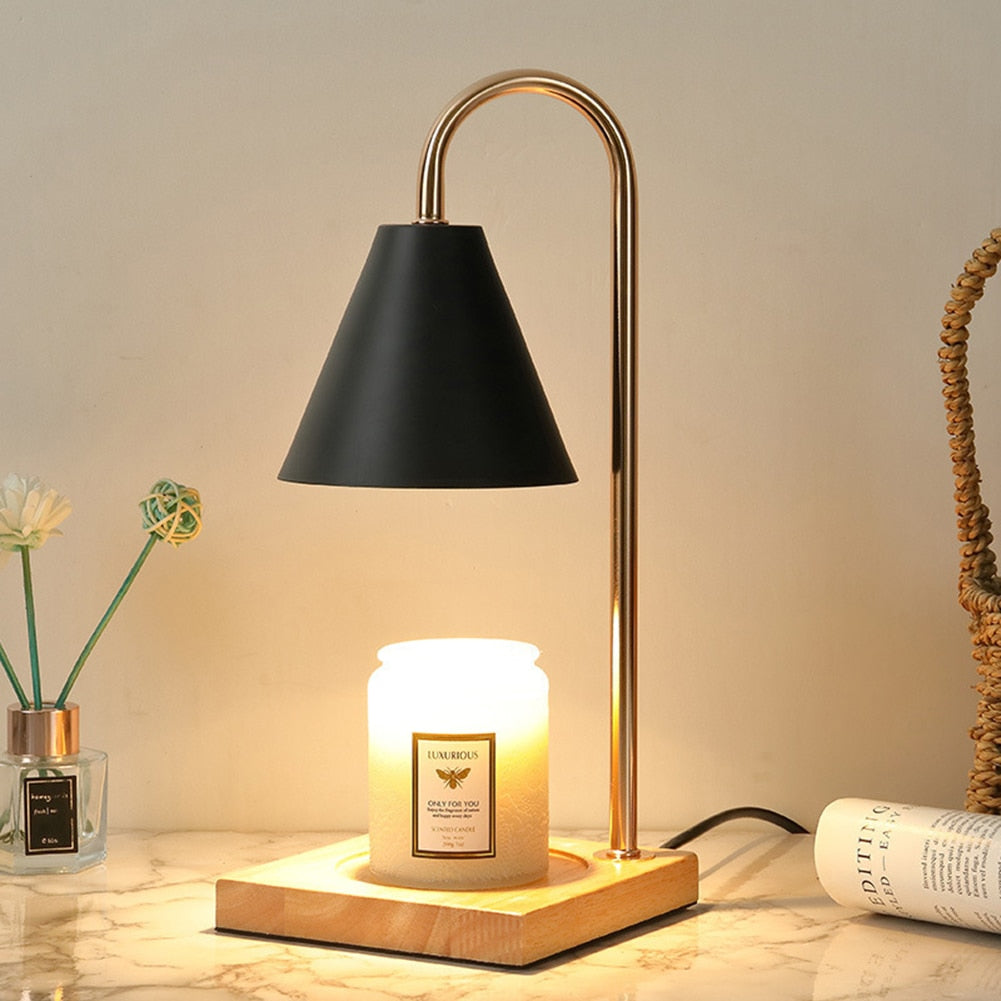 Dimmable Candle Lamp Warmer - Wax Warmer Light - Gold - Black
┄┄┄┄┄┄
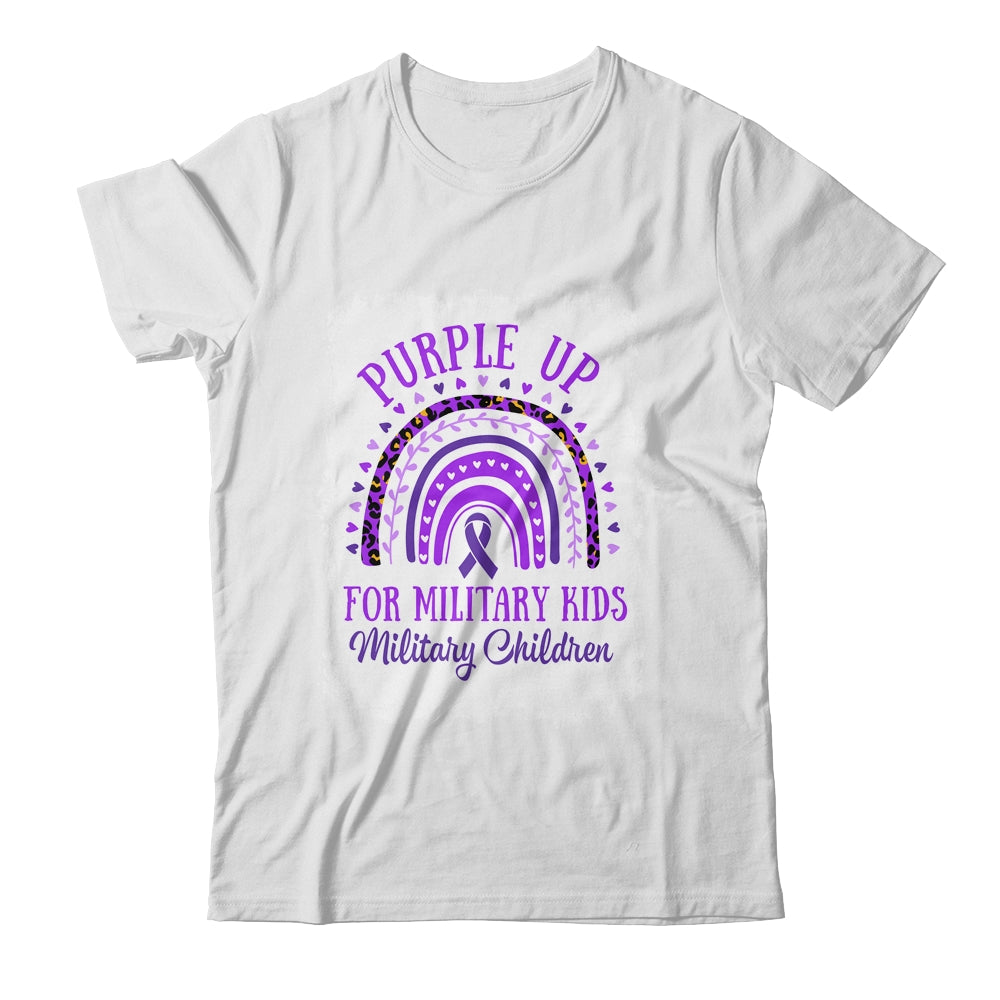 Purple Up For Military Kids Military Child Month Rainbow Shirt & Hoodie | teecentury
┄┄┄┄┄┄
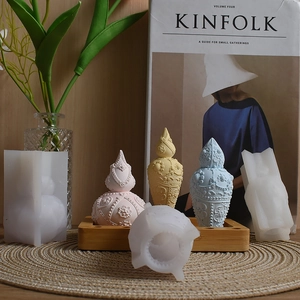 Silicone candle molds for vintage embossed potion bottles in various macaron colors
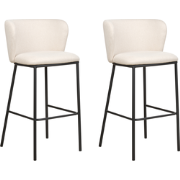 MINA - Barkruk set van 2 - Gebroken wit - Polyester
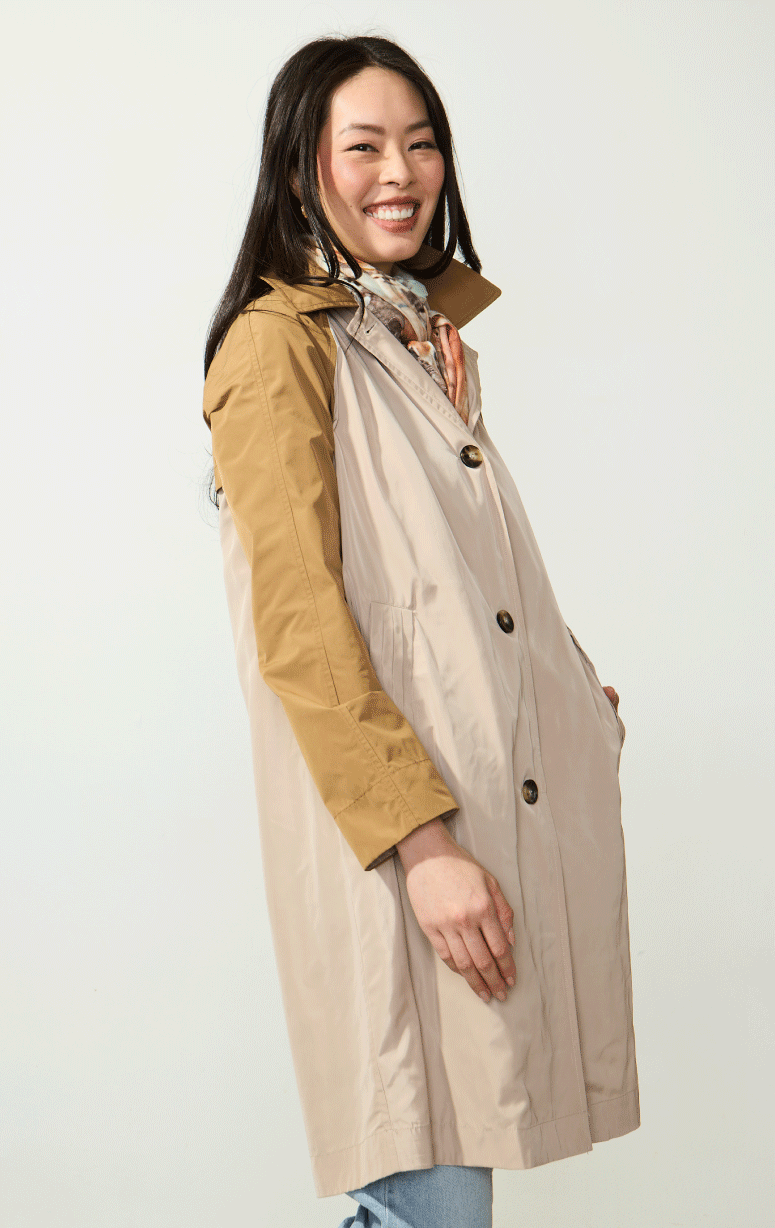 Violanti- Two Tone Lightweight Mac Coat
┄┄┄┄┄┄
**Your task:** What you write must match the listing exactly, from the line with "Silicone candle molds" up to and including the line with "Violanti- Two Tone Lightweight Mac Coat". Pictures stay out.

**Task output:**
 Silicone candle molds for vintage embossed potion bottles in various macaron colors
 MINA - Barkruk set van 2 - Gebroken wit - Polyester
 Violanti- Two Tone Lightweight Mac Coat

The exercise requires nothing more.